• **Information supplied**:
======

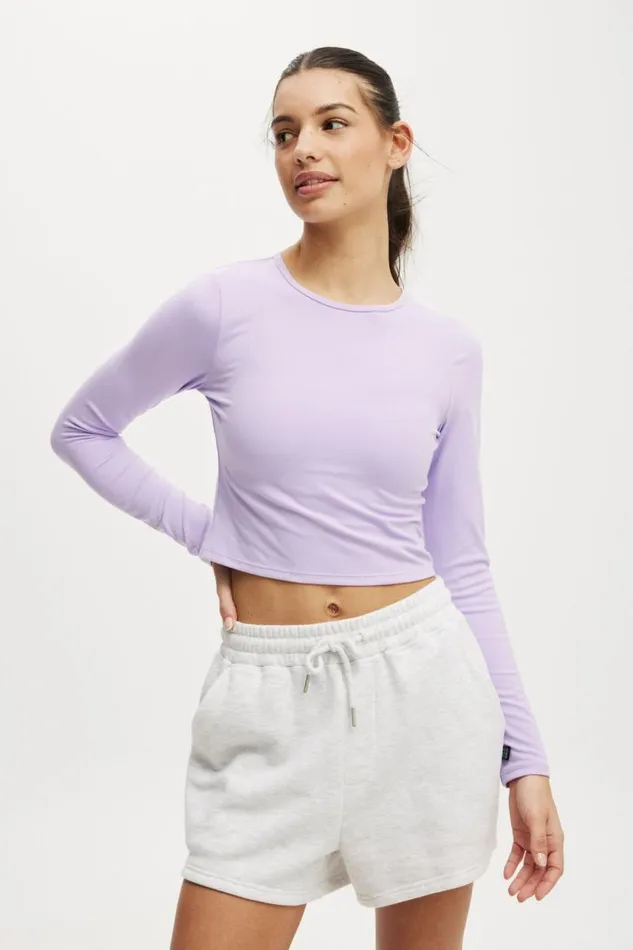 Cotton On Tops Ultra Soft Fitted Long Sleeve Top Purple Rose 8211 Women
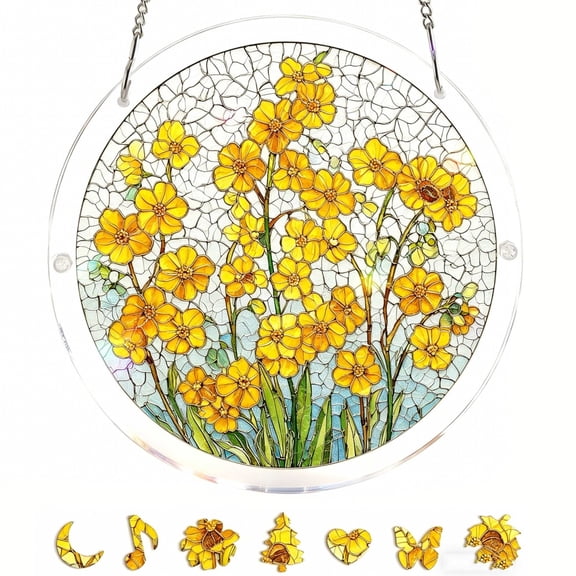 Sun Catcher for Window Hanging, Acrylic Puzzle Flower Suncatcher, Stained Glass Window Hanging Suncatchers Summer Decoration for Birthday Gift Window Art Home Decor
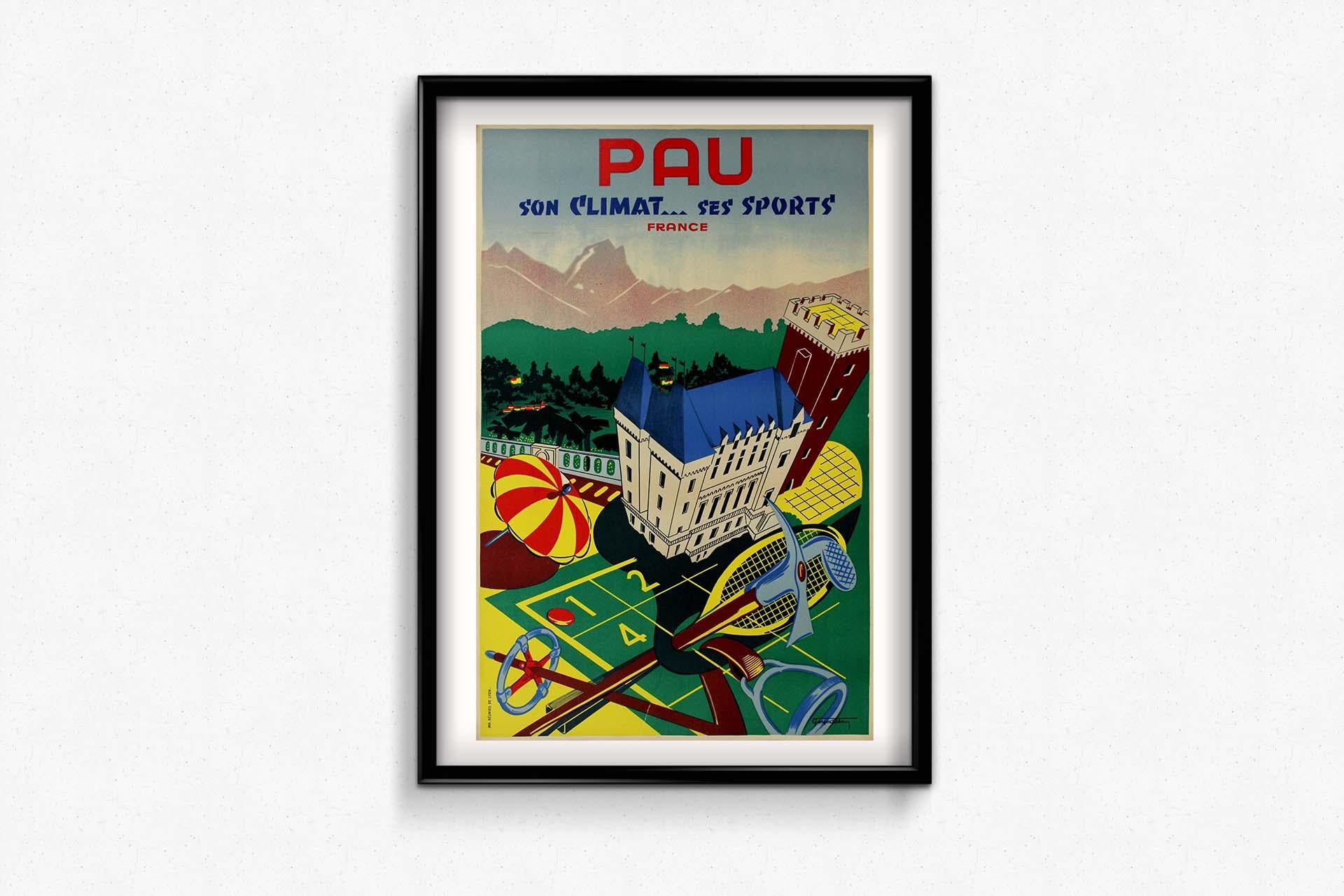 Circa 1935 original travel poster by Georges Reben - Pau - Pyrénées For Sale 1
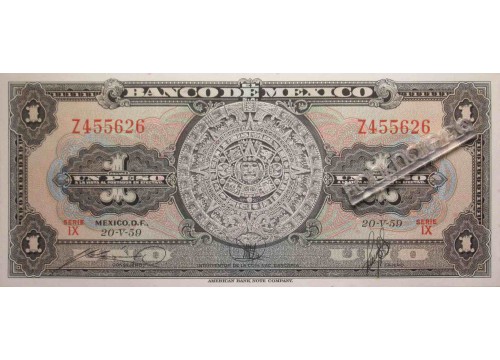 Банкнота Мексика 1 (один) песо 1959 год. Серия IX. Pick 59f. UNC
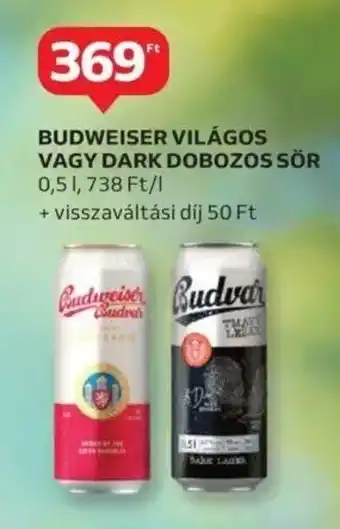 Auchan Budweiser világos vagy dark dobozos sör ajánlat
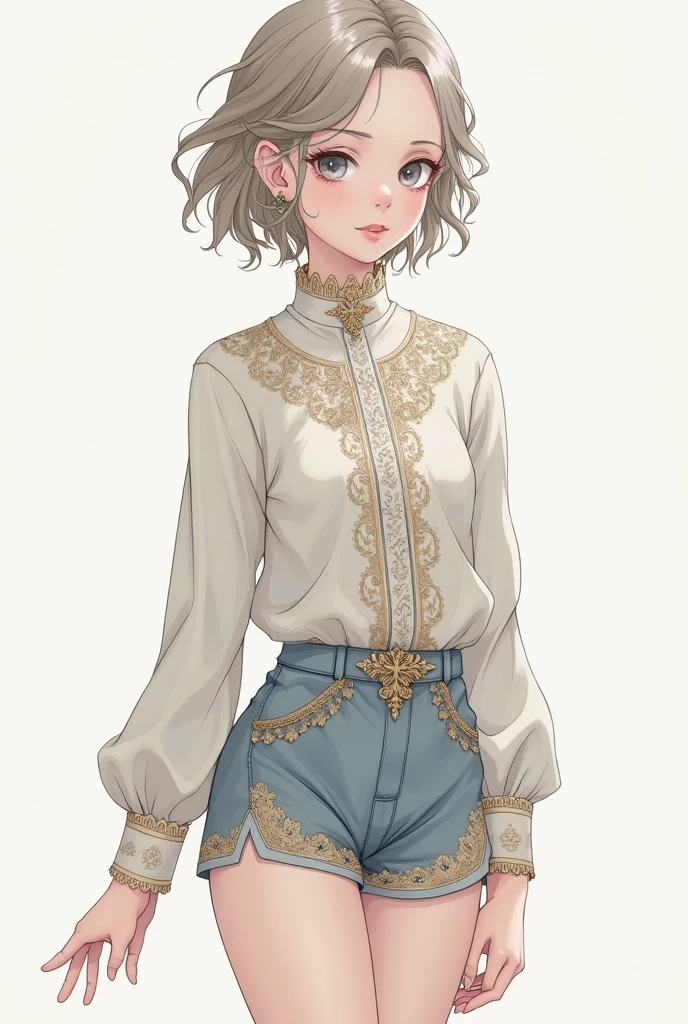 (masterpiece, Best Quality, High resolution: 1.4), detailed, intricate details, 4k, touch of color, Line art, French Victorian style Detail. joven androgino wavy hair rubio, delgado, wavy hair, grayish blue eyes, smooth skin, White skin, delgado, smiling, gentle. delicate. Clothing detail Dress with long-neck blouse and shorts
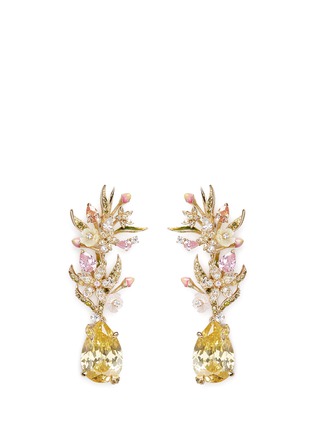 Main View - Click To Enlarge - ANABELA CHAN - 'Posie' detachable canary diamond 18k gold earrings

======

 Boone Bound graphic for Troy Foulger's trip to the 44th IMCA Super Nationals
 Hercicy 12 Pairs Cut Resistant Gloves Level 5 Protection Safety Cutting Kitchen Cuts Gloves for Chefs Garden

======

• **Exercise**:
Nothing but the lines above from the one that has "Cotton On Tops" down to the one that has "Circa 1935 original" belongs in the answer, copied exactly, without pictures.

• **Solution to this problem**:
 Cotton On Tops Ultra Soft Fitted Long Sleeve Top Purple Rose 8211 Women
 Sun Catcher for Window Hanging, Acrylic Puzzle Flower Suncatcher, Stained Glass Window Hanging Suncatchers Summer Decoration for Birthday Gift Window Art Home Decor
 Circa 1935 original travel poster by Georges Reben - Pau - Pyrénées For Sale 1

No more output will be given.